MegaIng avatar MegaIng commented on June 12, 2024

You define them. In the grammar. In the above grammar, it's the A, B, C, i.e. the left side of the :. What exactly the token types are depends on your grammar. If you use literals directly in your grammar, lark with automatically choose names. If you print parser.terminals, you can see a list of all defined terminals. This isn't unnecessary: The parser doesn't care about the original text at all, it only cares about the token types. One token type can represent an infinite number of actual text strings. If you want to skip the lexer step, you need to do the step of the lexer and provide the token types.

from lark.

Daniel63656 avatar Daniel63656 commented on June 12, 2024

I'm sorry I am new to this. I have following grammar:

score: "bos" event "eos"
event: E meta* ottava? group+ "|"?
group: rest | chord | "grace" chord
rest: R P? "."*
chord: "whole" note+ "."* | "half" D note+ "."* | D note+ "."* | D P? "flag"+ note+ "."*
note: A? "tie"? N "tie"?
meta: clef | time | key
time: digit+ "over" digit+
key: "#"+ | "b"+ | "nat"+
ottava: O P

E: "treble" | "bass" | "staff_change"
R: /rest_[0-7]/
P: "start" | "continue" | "stop"
D: "up" | "dn"
A: "#" | "b" | "nat" | "x" | "bb"
N: "C" | "D" | "E" | "F" | "G" | "A" | "B"
O: "8va" | "8vb"
clef: "gclef" | "fclef"
digit: /[0-9]/

The expressions left of the ':' are my non-terminals. Now if I print the terminals
parser = Lark(grammar, parser="lalr", start='score')
print(parser.terminals)

I get for example
TerminalDef('E', '(?:staff_change|treble|bass)')
TerminalDef('R', 'rest_[0-7]')
TerminalDef('VBAR', '\|')
TerminalDef('GRACE', 'grace')
TerminalDef('DOT', '\.')
TerminalDef('__ANON_0', '[0-9]')

I discovered that the parser works when I use these categories as types e.g. Token('DOT', '.'). But I didn't define (and know) these types. If a terminal only appears on the right side of productions like ".", "grace", or "flag" then they get their own new type like
DOT: "." or GRACE:"grace" ? Should I define them myself (does every non-terminal need a production rule like nonterminal:terminal to cover them)?

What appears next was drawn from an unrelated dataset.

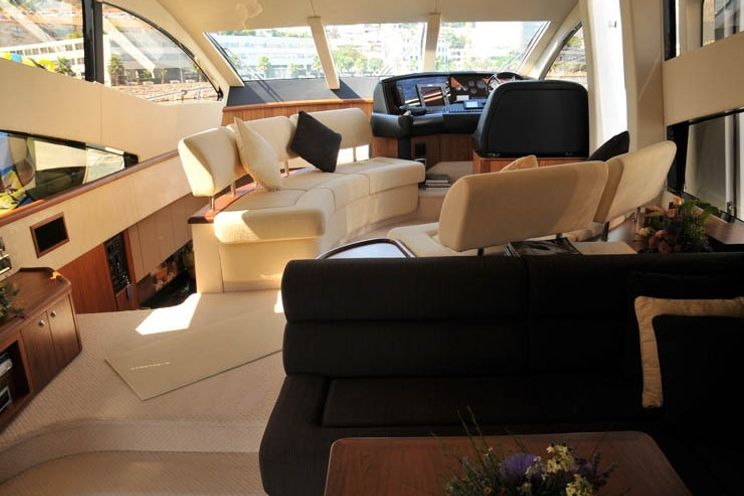 Charter Yacht Sunseeker Manhattan 60 - Day Charter up to 12 people - 3 cabins - Croatia - Split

Some types like 'E', 'R', and so on are defined as sets by me but still why is 'digit' turned into __ANON_0?

You said a lexer would typically do this. Can I then also partially lex one token at a time to get the type?

from lark.

MegaIng avatar MegaIng commented on June 12, 2024

If a terminal only appears on the right side of productions like ".", "grace", or "flag" then they get their own new type like
DOT: "." or GRACE:"grace" ?

Yes, lark automatically gives names, as I mentioned before.

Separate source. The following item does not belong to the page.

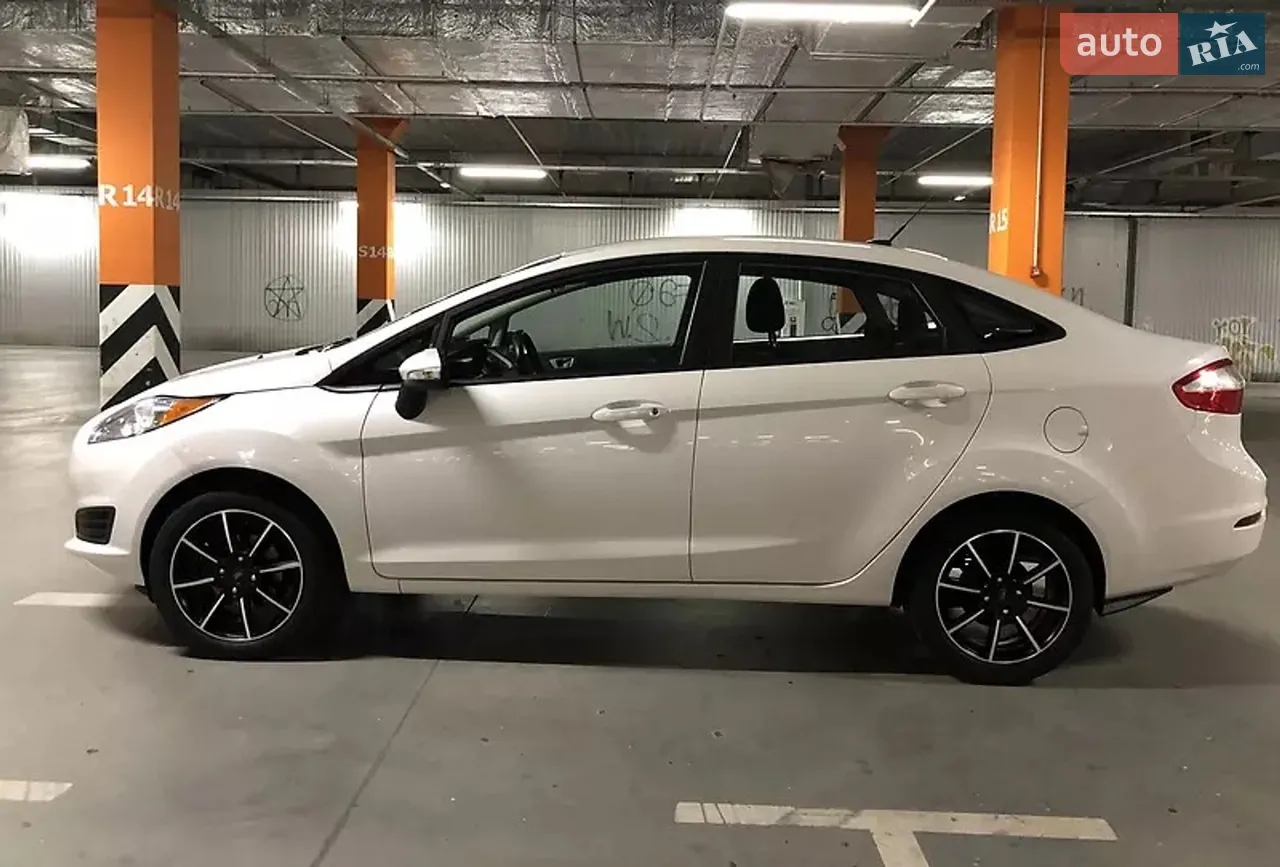 2015 Ford Fiesta - мініатюра 14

Should I define them myself ?

That makes the names more predicable, but it's not necessary.

does every non-terminal need a production rule like nonterminal:terminal to cover them

Not sure what you mean. Are you sure you are using the terms nonterminal and terminal correctly?

In lark, everything in uppercase is a terminal, everything in lowercase is a nonterminal.

Some types like 'E', 'R', and so on are defined as sets by me but still why is 'digit' turned into __ANON_0?

Because lark couldn't find a better name. Every terminal needs a name.

You said a lexer would typically do this. Can I then also partially lex one token at a time to get the type?

Sure, you can try use parser.lex for that.

from lark.

Daniel63656 avatar Daniel63656 commented on June 12, 2024

Not sure what you mean. Are you sure you are using the terms nonterminal and terminal correctly?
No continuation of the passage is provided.